──────── Provided material ────────
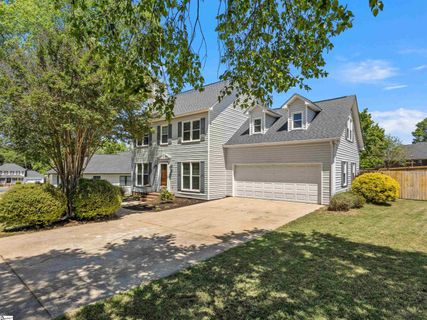 300 Middleton Court pending home in Bradford Place, Moore, SC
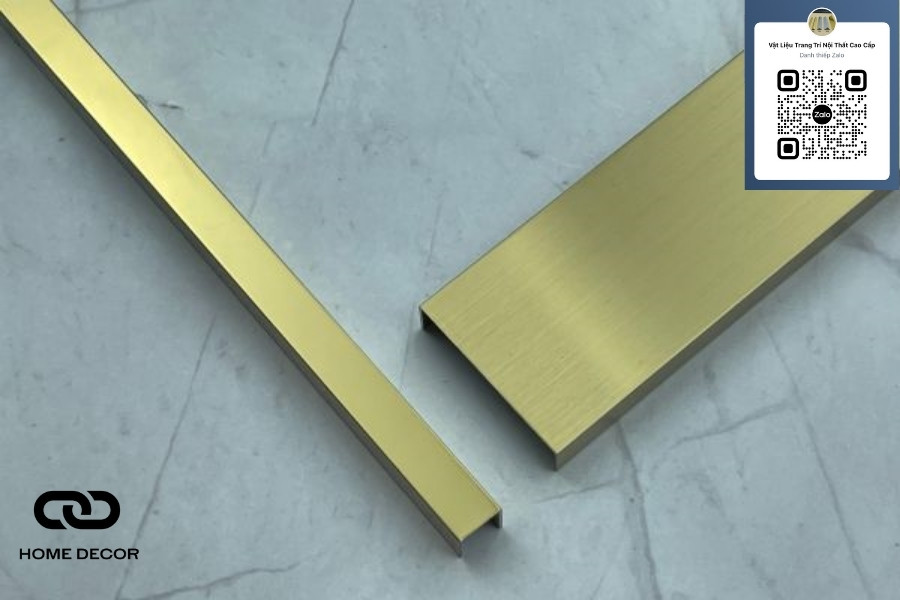 Độ Bền Vượt Thời Gian & Khả Năng Chống Ăn Mòn Tuyệt Vời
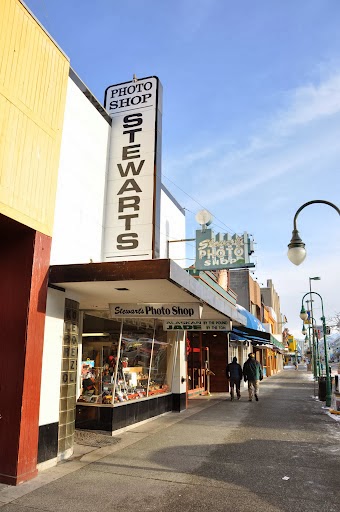 Stewarts Photo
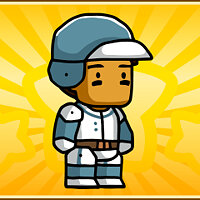 Досягнення Create A Scribblenaut у грі Scribblenauts Showdown для Xbox One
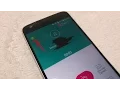 Verizon Wireless LG G5 How to turn on Wi Fi Calling VOIP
────────
## Try it
Images stay out; the entries above are to be printed exactly.

## Expected answer
 300 Middleton Court pending home in Bradford Place, Moore, SC
 Độ Bền Vượt Thời Gian & Khả Năng Chống Ăn Mòn Tuyệt Vời
 Stewarts Photo
 Досягнення Create A Scribblenaut у грі Scribblenauts Showdown для Xbox One
 Verizon Wireless LG G5 How to turn on Wi Fi Calling VOIP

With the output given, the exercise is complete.